Intimidation is the basic face of fascism. It takes the form of deploying troops abroad, and lately at home. As Eleanor Roosevelt told the Democratic National Convention in 1940, these are not ordinary times.
Resistance to Trumpism has only just begun to gel and grow. Numerous artists and the Washington National Opera have refused to perform at the Trump-run John F. Kennedy Center for the Performing Arts. Federal district judges have ruled against efforts to gut the 1964 Civil Rights and 1965 Voting Rights Acts. Harvard has spurned Trump’s efforts to butt into its curricula.
For the most part, we have witnessed submission. Republican members of Congress have voted to gut programs that benefit their constituents, witness Central Washington. Universities, save for a few like Harvard, are caving to federal intervention. The press, save for the New York Times, is submissive and not really covering the Trump administration’s brazen, continuous corruption.
The churches, however, have displayed greater guts. I woke up Christmas morning to an Episcopal bishop on TV celebrating Eucharist outside an ICE detention center in Minnesota. Pope Leo XIV has deployed Cardinal Robert McElroy, an advocate for immigrants and LGBTQ rights while Bishop of San Diego, as the new Archbishop of Washington, D.C.

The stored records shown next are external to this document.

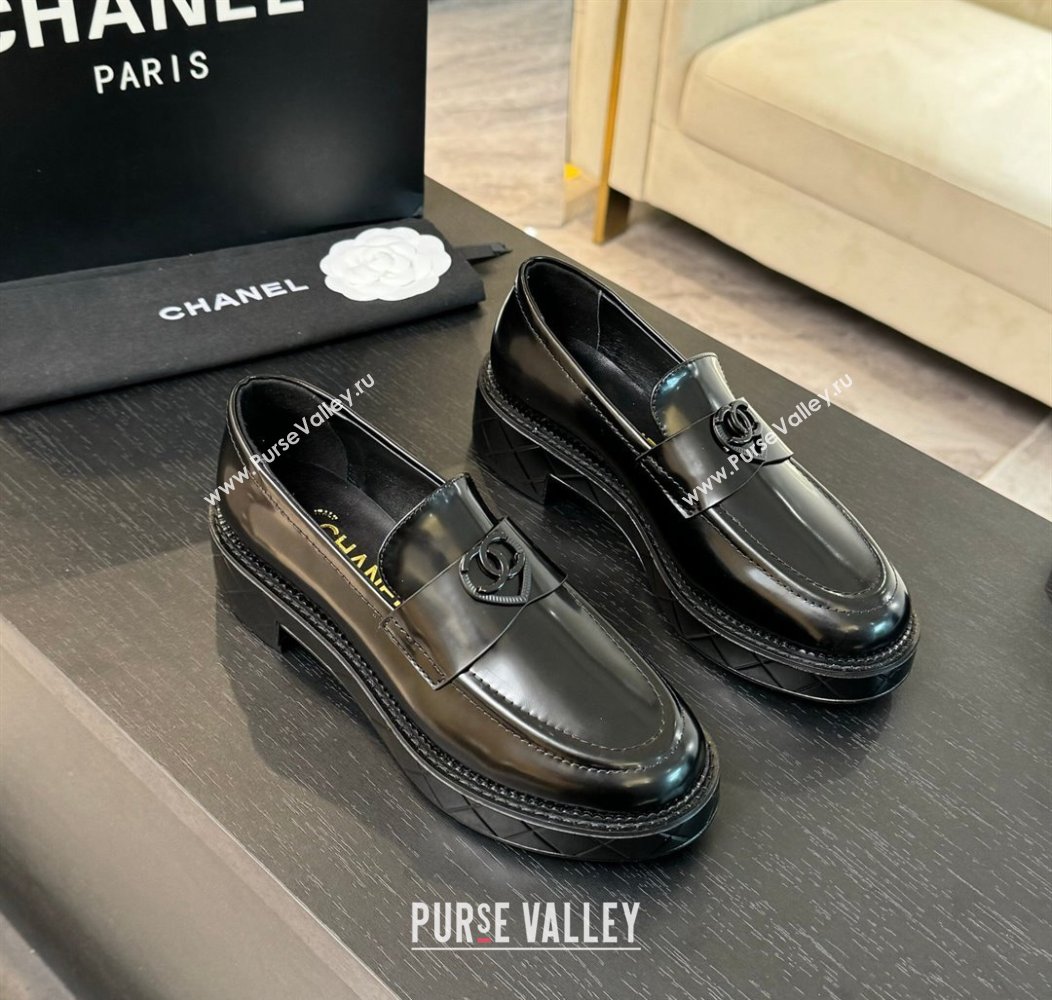 Chanel Shiny Calfskin Loafers with Black Heart Black 2024 CH112004 (SS-2411120014)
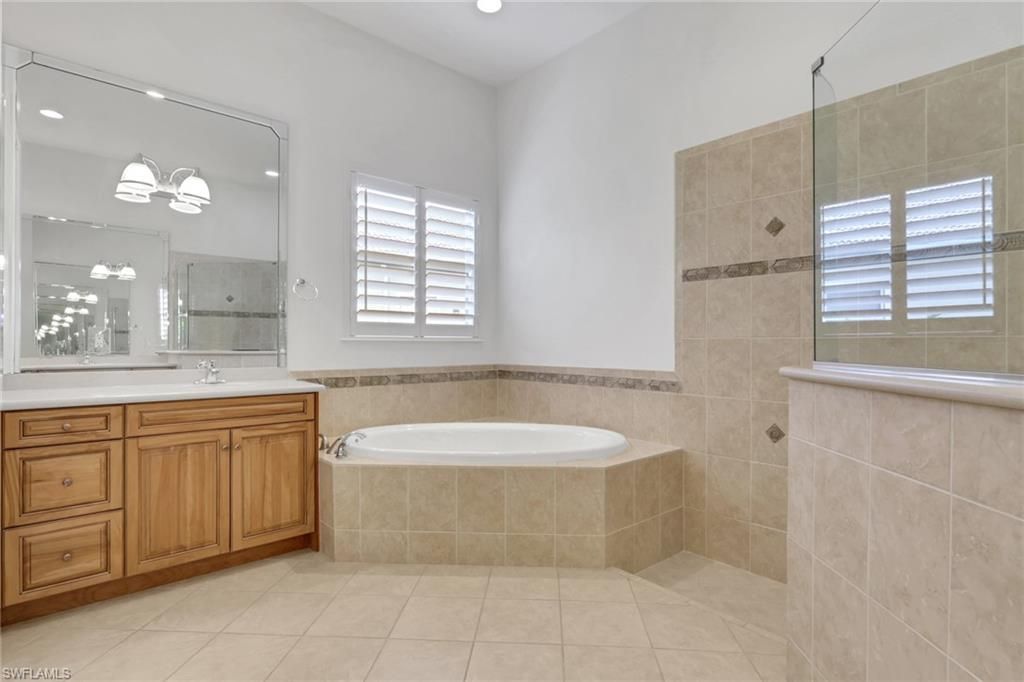 10233 Avonleigh Dr , Bonita Springs, FL 34135 Photo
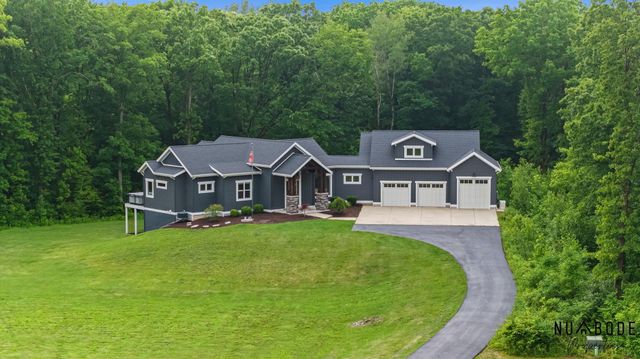 1497 10 Mile Road NE, Comstock Park, MI 49321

Leo has become a cool, reasoned advocate for immigrants and refugees, decrying the climate of fear and anxiety around questions of profiling and immigration enforcement. If you want passion, come to St James to hear Lazzeroni or pastor emeritus Fr. Michael Ryan.
The United States is witnessing folks being picked up at a Seattle cemetery by armed thugs, people shot in streets of Minneapolis and Portland, while POTUS threatens to deploy the 1789 Insurrection Act — the Trump answer to Germany’s 1933 Enabling Act.
“I’d like to be Pope,” Trump joked while in Rome for Pope Francis’ funeral. He later posted an AI generated photo of himself in papal vestments. Nobody laughed. Keeping the faith has come to mean defying the government. Let’s hope church attendance, and ranks of demonstrators, both keep growing.